The Northwest Boychoir has just embarked on its latest concert tour, but before leaving Seattle it gave a preview concert Tuesday night for a packed audience at Plymouth Church. The written program included everything the choir would sing while away, each concert having just a selection of these as it did here, one half being sacred music, the other secular.
The Boychoir is a great ambassador for music in Seattle. The quality of the singing is up to the standards of the best English cathedral choirs, not a random observation as the tone is very similar: clear and pure. For the first half, the boys sang, unaccompanied, Mozart’s “Laudate Dominum” and Durufle’s very tricky “Tota pulchra es” with absolute perfect pitch sense. It isn’t easy to be that perfect, particularly when singing with no vibrato. The slightest waver in pitch is instantly noticeable and it did not happen here. Piano accompanist Christina Siemens joined them for Randall Thompson’s “The Place of the Blest,” and in Pergolesi’s “Stabat Mater,” of which they sang eight sections.
This was all a delight to the ears musically and the resonant acoustics of Plymouth Church enhanced the boys’ voices. However the acoustics there are death to diction. It was impossible to hear words at any time from two-thirds back in the church, even when conductor and choir director Joseph Crnko announced selections. Since works were not sung in the order given in the program it was sometimes quite a scramble to figure out what was being sung if the music was not familiar.
The same continued in the second half, which ranged from arrangements of folk songs and gospel songs to songs from musicals and even the Beatles. All of the arrangements seemed done with boys’ voices in mind, so that there was a sameness in style no matter what the original was. Thus “When you Wish Upon a Star” had the same feel as “Deep River” or “Home on the Range.” However, all had energy, nuance and dynamics, and the final “America the Beautiful” ended the concert on an uplifted note.

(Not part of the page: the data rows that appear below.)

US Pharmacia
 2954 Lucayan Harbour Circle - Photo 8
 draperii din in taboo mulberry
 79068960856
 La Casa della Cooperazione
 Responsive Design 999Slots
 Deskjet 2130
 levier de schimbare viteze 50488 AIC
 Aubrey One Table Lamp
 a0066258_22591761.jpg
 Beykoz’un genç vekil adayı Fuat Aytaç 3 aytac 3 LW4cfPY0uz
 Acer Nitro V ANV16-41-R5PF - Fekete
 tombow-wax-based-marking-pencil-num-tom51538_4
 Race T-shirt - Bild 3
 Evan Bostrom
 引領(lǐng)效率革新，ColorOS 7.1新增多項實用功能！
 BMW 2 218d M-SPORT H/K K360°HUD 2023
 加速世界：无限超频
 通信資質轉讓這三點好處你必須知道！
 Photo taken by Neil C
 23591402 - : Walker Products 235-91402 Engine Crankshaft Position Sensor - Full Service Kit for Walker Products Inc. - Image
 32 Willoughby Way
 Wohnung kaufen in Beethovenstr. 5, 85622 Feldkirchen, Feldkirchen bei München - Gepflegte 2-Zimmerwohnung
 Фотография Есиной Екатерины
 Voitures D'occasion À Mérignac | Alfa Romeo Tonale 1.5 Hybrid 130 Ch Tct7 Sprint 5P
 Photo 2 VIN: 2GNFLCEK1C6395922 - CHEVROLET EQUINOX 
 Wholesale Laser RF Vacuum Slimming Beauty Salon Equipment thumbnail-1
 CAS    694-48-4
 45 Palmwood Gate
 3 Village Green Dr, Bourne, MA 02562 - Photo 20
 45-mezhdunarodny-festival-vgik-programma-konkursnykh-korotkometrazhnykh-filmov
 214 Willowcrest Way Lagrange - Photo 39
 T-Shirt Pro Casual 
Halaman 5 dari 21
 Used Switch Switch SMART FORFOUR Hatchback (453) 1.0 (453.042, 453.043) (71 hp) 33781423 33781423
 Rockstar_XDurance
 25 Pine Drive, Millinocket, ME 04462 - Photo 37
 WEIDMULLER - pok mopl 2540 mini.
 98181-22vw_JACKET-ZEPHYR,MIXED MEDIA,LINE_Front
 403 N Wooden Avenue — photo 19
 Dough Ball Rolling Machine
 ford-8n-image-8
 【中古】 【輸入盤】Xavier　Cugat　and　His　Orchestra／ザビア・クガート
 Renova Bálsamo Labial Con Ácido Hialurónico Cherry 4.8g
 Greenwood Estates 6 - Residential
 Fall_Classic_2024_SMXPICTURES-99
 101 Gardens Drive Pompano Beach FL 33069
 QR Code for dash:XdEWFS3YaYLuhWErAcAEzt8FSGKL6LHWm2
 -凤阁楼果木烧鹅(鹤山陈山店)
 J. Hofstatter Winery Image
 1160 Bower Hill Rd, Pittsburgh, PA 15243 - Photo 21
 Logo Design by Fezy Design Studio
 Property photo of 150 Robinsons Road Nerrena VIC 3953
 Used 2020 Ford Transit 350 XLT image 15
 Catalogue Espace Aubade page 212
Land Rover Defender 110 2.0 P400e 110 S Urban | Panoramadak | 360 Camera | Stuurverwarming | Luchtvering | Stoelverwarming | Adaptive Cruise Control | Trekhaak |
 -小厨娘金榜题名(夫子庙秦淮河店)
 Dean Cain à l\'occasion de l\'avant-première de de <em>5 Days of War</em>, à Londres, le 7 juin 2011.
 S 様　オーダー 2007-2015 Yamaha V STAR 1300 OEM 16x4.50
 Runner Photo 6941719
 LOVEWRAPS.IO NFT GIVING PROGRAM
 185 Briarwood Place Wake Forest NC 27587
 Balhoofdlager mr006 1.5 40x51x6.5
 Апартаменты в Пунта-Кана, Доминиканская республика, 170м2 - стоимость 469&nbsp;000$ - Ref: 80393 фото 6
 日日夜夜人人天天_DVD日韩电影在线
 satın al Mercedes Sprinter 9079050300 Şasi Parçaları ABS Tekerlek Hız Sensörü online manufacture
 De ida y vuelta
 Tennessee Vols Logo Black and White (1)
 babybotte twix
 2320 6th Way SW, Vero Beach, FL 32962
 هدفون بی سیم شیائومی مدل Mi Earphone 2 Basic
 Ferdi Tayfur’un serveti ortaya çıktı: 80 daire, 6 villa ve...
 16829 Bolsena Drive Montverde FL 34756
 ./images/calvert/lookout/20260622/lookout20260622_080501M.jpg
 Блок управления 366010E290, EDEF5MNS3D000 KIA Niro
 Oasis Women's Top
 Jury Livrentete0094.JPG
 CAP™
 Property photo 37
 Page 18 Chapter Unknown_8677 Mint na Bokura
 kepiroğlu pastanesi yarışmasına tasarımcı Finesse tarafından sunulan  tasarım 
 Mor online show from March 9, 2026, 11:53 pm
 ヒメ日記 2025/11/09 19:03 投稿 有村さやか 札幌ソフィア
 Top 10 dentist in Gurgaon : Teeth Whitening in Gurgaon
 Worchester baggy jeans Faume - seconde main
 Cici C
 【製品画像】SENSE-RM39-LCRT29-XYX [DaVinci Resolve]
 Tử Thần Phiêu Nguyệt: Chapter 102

The boys’ demeanor also deserves mention. They stood without fidgeting, their hands by their sides or holding their music books, all the same way, so that nothing distracted from what they were singing. This kind of professional discipline is remarkable in children aged 10 to 14. Crnko deserves great credit for their training in every aspect of performance, as he has done for two generations of boys in the choir.